* _REQUIRED ACTION_:
First find the line with "this 552×980 image.", then reproduce it and all following lines of the data to the end, exactly and with no pictures, adding nothing.

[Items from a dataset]
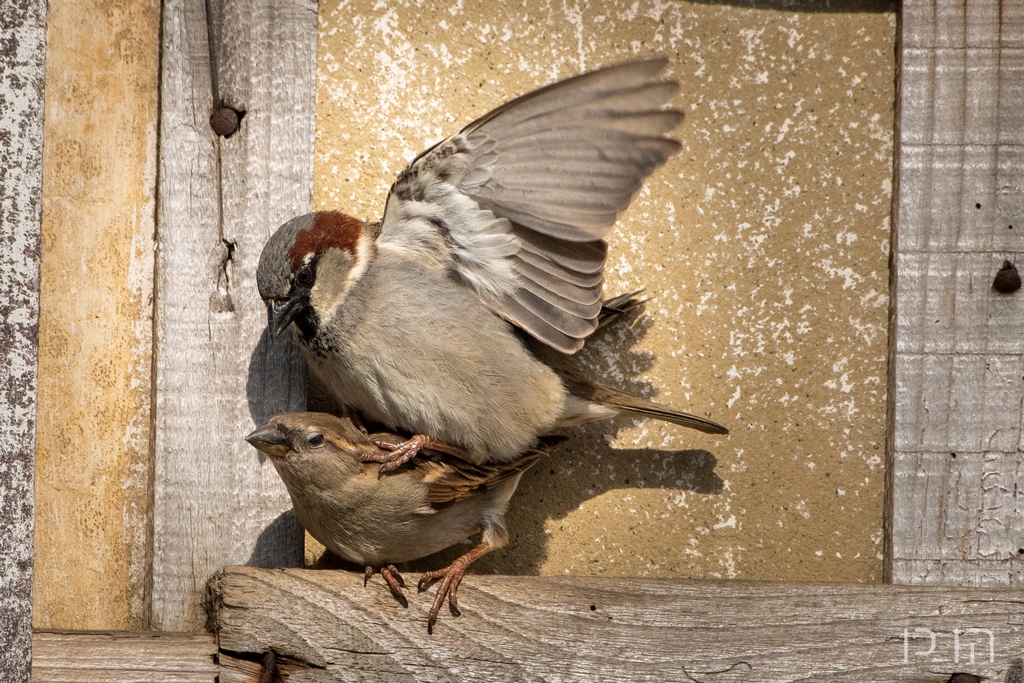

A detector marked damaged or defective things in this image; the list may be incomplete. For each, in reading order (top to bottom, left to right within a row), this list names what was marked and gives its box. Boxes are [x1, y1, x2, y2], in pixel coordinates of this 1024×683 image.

rusty screw head [208, 107, 238, 137]
rusty screw head [991, 262, 1015, 294]
peeling paint on wood [0, 0, 46, 679]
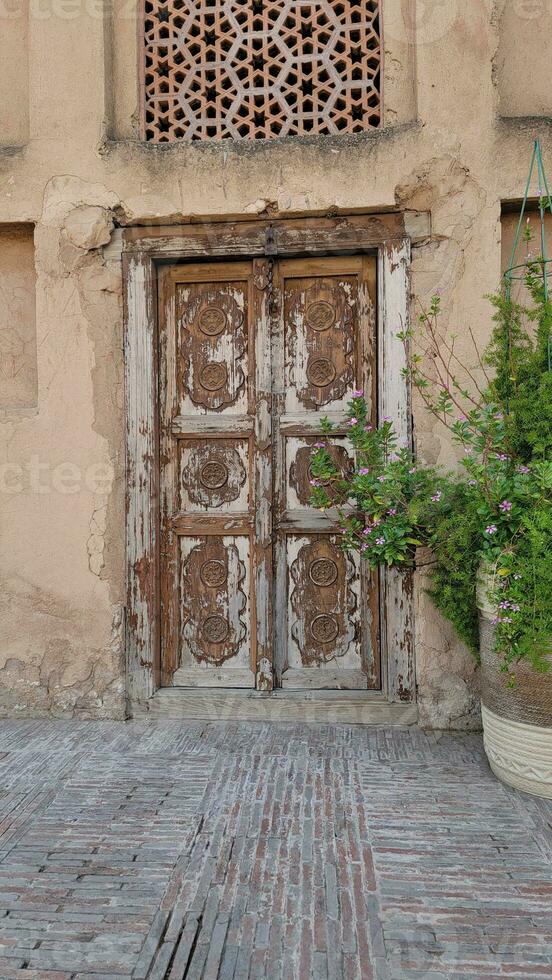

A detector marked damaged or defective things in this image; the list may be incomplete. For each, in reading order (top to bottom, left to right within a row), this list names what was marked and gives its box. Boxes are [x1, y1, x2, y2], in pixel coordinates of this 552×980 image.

cracked plaster wall [0, 0, 548, 724]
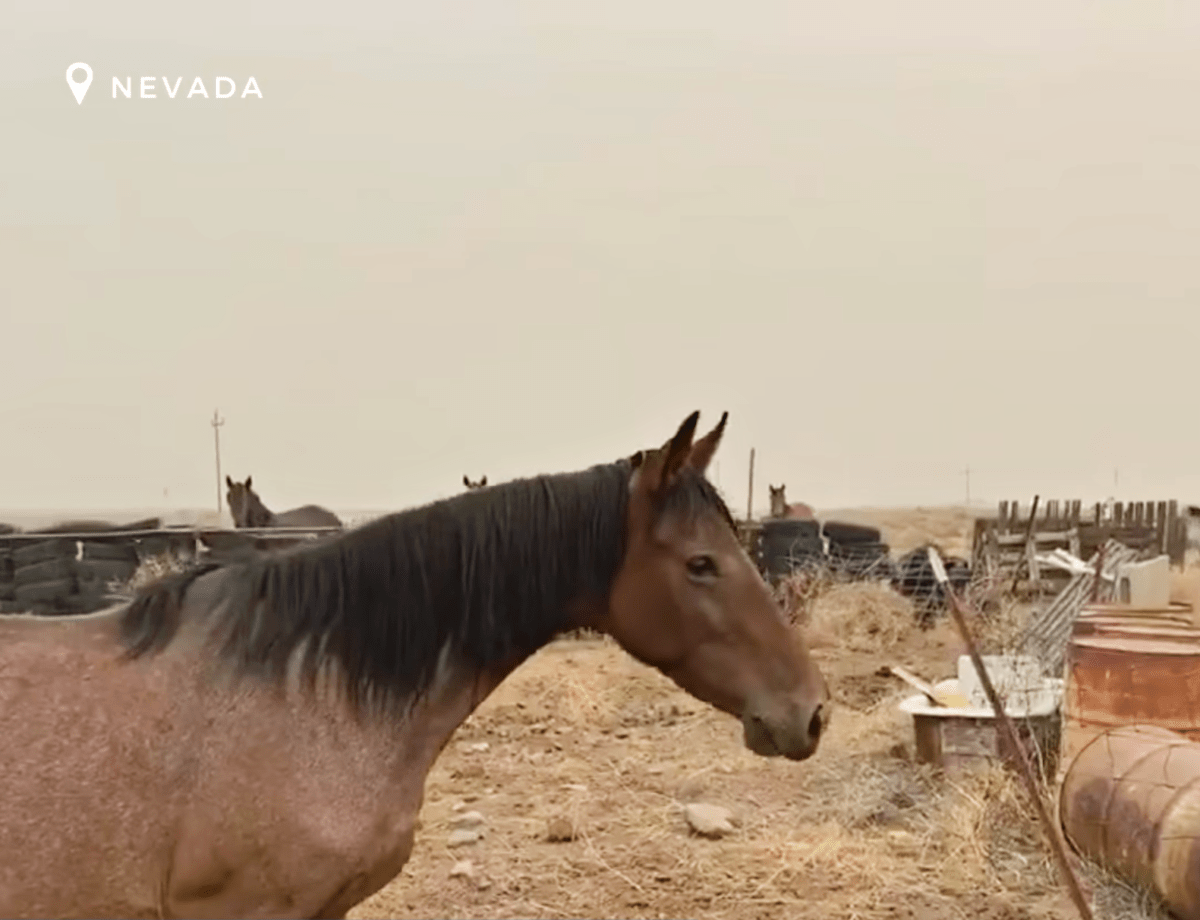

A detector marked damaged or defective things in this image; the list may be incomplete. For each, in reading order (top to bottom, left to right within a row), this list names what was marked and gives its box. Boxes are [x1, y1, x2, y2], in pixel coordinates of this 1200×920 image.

rusty metal barrel [1060, 609, 1200, 772]
rusty drum [1060, 611, 1200, 786]
rusty drum [1060, 729, 1200, 920]
rusty metal barrel [1065, 729, 1200, 920]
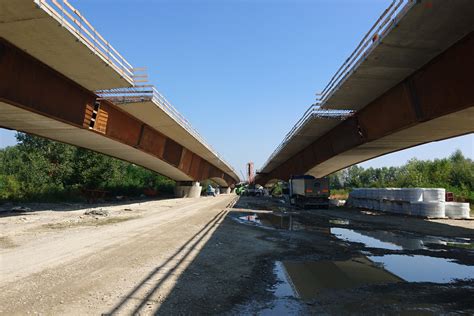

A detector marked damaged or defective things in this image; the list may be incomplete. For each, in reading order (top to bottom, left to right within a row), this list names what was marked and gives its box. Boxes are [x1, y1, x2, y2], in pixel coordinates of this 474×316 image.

rusty steel girder [0, 37, 236, 185]
rust stain on steel [0, 37, 236, 185]
rusty steel girder [258, 32, 472, 185]
rust stain on steel [260, 31, 474, 185]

* _EXERCISE RESULT_:
A detector marked damaged or defective things in this image; the list may be incomplete. For each, in reading order (top to bottom, left to right within a row), this list names what was marked and gives its box. Boxes are [x1, y1, x2, y2], in pixel coordinates of this 552×980 image.

cracked plaster wall [0, 0, 548, 724]

A detector marked damaged or defective things in this image; the list may be incomplete. For each, in reading order (top to bottom, left to right within a row), this list names what was marked and gives its box. Boxes are [x1, y1, x2, y2], in pixel coordinates of this 1200×920 image.

rusty metal barrel [1060, 609, 1200, 772]
rusty drum [1060, 611, 1200, 786]
rusty drum [1060, 729, 1200, 920]
rusty metal barrel [1065, 729, 1200, 920]

A detector marked damaged or defective things in this image; the list may be incomplete. For each, in reading order (top to bottom, left to right within a row), this list names what was marked and gives its box. Boxes are [x1, y1, x2, y2], in pixel coordinates of this 474×316 image.

rusty steel girder [0, 37, 236, 185]
rust stain on steel [0, 37, 236, 185]
rusty steel girder [258, 32, 472, 185]
rust stain on steel [260, 31, 474, 185]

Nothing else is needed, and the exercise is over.